Introducing children to maths concepts through literacy using a picture book format is a great way to involve and engage them in reading, maths discourse and purposeful maths activities.
They encourage pupils to solve real-life problems, thinking about how they could help the characters in the story and provide a rich environment for thinking in more depth about different areas of maths.
Oxford University Press has come up trumps with a new collection of books, illustrated by Tony Neal, using fun and friendly animals to teach children about height, weight, position and capacity.
The four titles available are ‘Hop On Top, Mouse!’, ‘Too Heavy, Elephant!’, ‘Take A Leap, Sheep!’ and ‘Squeeze In, Squirrel!’, with topics and vocabulary based on the Early Years Foundation Stage framework for maths.
What the books do is provide a highly amusing context that will hook children’s attention and get them talking about maths and act as a springboard for getting hands-on.
Each title keeps it simple by focusing on one key concept and uses animal characters to bring a problem to life.
This is cleverly done because the stories arrest readers’ interest, sustains it and then leads them into a variety of meaningful activities based on the topic covered.
The extension ideas included at the end of each story are also perfect for sharing with families to encourage mathematical thinking at home.
For example, in one story an elephant is too heavy to play with a mouse on the seesaw. How can their friends help?
In another story, some animals all want to go on the Ferris wheel but there’s a fence in the way. If the sheep can’t climb over it, go under it or fit through it, what’s the solution?
Each title has gorgeous illustrations full of colour, energy and fun that will appeal to everyone and promote a lot of discussion and provide rich opportunities to build not only literacy skills, but also maths understanding.
With maths concepts woven into the pictures and storylines, these books promote children’s mathematical thinking and introduce foundational maths concepts in an effortless way.
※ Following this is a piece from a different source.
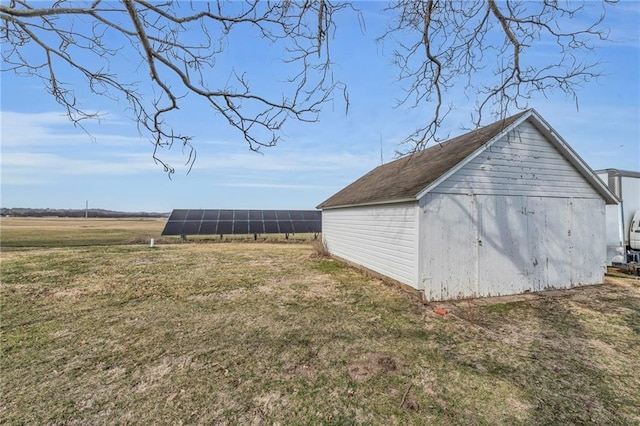 view of outbuilding with solar panels and an outdoor structure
Asking questions and making observations about the maths found in the picture books readily supports children’s curiosity and enjoyment of maths.
All the books serve as brilliant entry points into exploring maths concepts in different ways and so give children brilliant opportunities to relate their experiences to the characters in the books.
They also help children ask plenty of questions that go beyond the stories and so act as important stepping stones in conceptual understanding.
These are enjoyable and intellectual adventures for children to get excited about that will spark great conversations and maths moments.
Teaching maths and fostering the love for the subject through picture book storytelling can be a powerful strategy and OUP have come up trumps with this brilliant collection.
They allow children to become emotionally invested in what they read and become fully immersed in the context in which maths topics are meaningfully embedded in and concepts suddenly become alive.
These are well-written, superbly illustrated, creative and highly effective which will give children exciting opportunities to develop both mathematical and linguistic abilities in parallel.